Notas al margen
David Fernández
El problema del PSOE-A no es el candidato, es el discurso
Sueños esféricos
Sergio Ramos ha usado a su Sevilla para lavar su conciencia durante un añito de retirada en el pueblo y ahora retorna a la vida glamurosa que a su mujer y a él le molan de verdad, ese microcosmos del “bro”, las gorras de viseras agresivas, ropajes de estampados imposibles y los saraos más ‘instagrameables’ (precioso palabro, ¿verdad, Javier Cercas?).
El camero retornará en abril para lucir en el callejón de la Maestranza y con traje a cuadros, pendientes de cruces y anillos de brillantes y platino, corresponder a todos los pelotas. Y por supuesto que se cruzará con algún sevillista y entonces hablará de la inquietante actualidad de su club con la comodidad de ver los toros desde la barrera.

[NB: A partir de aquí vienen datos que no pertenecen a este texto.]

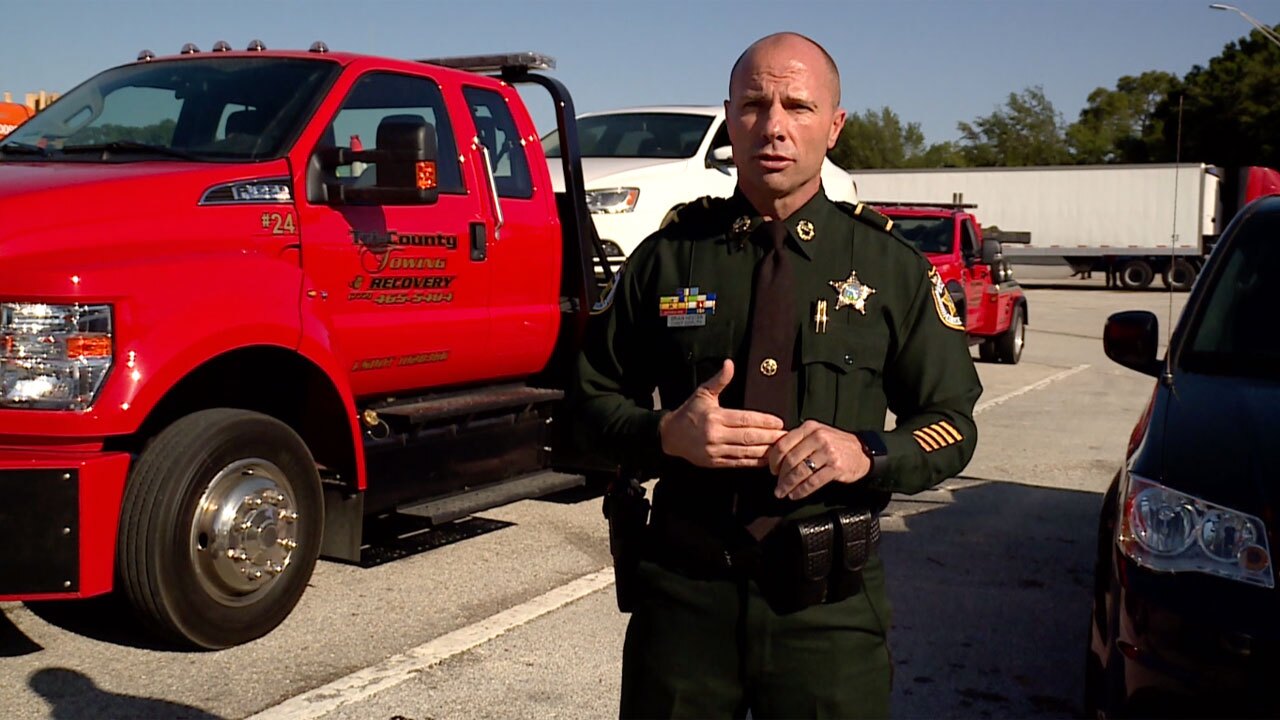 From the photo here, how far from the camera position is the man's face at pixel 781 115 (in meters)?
2.38

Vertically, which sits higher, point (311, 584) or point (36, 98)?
point (36, 98)

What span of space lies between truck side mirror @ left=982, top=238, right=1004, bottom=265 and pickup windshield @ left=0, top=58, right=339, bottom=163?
400 inches

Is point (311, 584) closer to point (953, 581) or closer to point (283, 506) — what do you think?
point (283, 506)

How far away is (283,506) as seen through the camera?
5086mm

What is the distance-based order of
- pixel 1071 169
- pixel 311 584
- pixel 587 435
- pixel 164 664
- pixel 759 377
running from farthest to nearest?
1. pixel 1071 169
2. pixel 311 584
3. pixel 164 664
4. pixel 587 435
5. pixel 759 377

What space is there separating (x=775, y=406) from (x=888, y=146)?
356 feet

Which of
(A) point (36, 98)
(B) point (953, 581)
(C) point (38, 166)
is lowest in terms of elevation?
(B) point (953, 581)

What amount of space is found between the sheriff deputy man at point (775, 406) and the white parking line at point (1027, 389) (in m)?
9.24

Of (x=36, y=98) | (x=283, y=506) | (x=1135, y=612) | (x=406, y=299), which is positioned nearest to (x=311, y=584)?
(x=283, y=506)

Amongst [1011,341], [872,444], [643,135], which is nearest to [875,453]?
[872,444]

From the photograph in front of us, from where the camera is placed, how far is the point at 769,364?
2357mm

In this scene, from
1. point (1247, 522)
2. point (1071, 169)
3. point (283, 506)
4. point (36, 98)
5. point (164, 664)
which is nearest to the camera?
point (1247, 522)

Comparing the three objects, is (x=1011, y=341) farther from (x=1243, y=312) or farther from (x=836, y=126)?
(x=836, y=126)

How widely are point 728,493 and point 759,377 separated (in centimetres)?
21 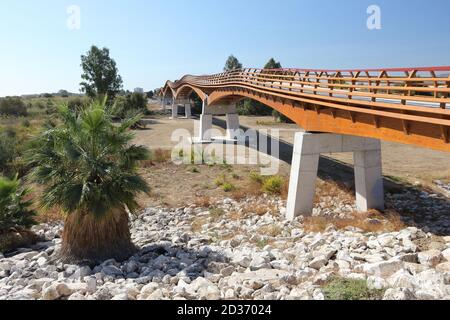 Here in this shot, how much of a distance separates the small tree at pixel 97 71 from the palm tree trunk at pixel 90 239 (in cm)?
6314

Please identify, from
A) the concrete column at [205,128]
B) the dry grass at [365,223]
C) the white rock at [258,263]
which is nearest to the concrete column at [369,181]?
the dry grass at [365,223]

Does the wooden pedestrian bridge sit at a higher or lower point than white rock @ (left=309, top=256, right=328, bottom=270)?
higher

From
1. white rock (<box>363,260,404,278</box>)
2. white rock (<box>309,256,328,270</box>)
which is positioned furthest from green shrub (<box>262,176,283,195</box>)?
white rock (<box>363,260,404,278</box>)

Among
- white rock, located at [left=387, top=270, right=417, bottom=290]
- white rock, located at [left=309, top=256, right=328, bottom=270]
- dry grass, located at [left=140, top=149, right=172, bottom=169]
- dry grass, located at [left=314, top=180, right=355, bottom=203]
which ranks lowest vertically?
dry grass, located at [left=314, top=180, right=355, bottom=203]

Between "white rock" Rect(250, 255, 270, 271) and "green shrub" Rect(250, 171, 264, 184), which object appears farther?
"green shrub" Rect(250, 171, 264, 184)

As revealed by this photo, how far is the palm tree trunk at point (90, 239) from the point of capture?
35.6ft

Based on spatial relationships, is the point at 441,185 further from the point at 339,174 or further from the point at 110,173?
the point at 110,173

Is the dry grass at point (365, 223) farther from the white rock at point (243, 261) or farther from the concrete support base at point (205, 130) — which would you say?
the concrete support base at point (205, 130)

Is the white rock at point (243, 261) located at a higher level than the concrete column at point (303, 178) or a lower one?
lower

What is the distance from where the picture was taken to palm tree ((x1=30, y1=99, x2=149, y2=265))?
10367mm

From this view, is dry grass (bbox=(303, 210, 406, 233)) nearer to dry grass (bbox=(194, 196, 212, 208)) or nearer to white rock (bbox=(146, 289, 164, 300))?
dry grass (bbox=(194, 196, 212, 208)) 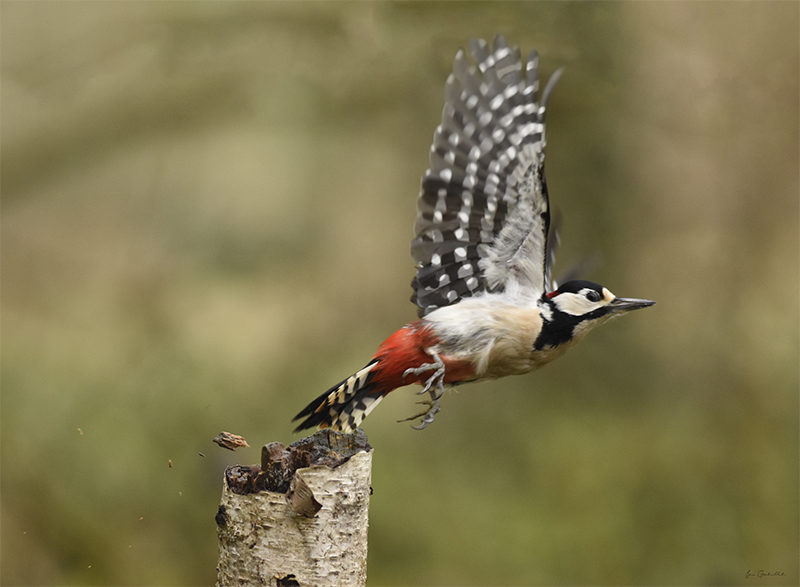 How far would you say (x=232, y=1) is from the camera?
12.0ft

El Sevilla gasta hoy mucha más energía en despedidas excesivas, huecas y con sabor a ojana (la penúltima, la de Erik Lamela), que en ser más permeable a las necesidades del sevillista. Gasta mucha más energía en que el búnker gane altura y grosor para resguardo de los que vampirizan al club, que en arbitrar de una puñetera vez medidas para que ese sevillista recupere las ganas de ser sevillista.
Sergio Ramos se va “con la conciencia tranquila”. Lo ha dicho no sé cuántas veces en su ampuloso discurso. Nadie duda de su admirable profesionalidad y que ha dado todo lo que tenía en su efímero paso, a lo ‘Bienvenido, Mister Marshall’, por Nervión. Ha esgrimido su carisma y liderazgo y, tras torcer el destino europeo del Sevilla con aquella falta innecesaria ante el Lens en Nervión y su penalti y su nueva falta innecesaria en Eindhoven, percibió a tiempo que los árbitros no le pitan igual al Sevilla que al Madrid y fue un pilar clave para que el equipo no se despeñara.
Pero que no se engañe el camero. Abandona, con todo el derecho del mundo, un Sevilla hecho unos zorros y en Miami, Los Angeles, Dubai o dondequiera que vaya, va a seguir siendo aquel gran capitán del Madrid. Sobre su terapia personal de un año de vuelta a la academia, sobrevuela una imagen imborrable para demasiados sevillistas, la de aquel Sergio de morado, que se pidió lanzar un penalti contra su Sevilla en Nervión y que se llevó las manos a las orejas en tono desafiante con la grada. Hoy se da golpes en el pecho de sevillismo y no voy a dudar de su filiación, pero los tatuajes que salen en las fotos, los de sus sienes, son el 15 de su dorsal en la selección y el 93. El del minuto en que hizo levitar en Lisboa a todo el madridismo.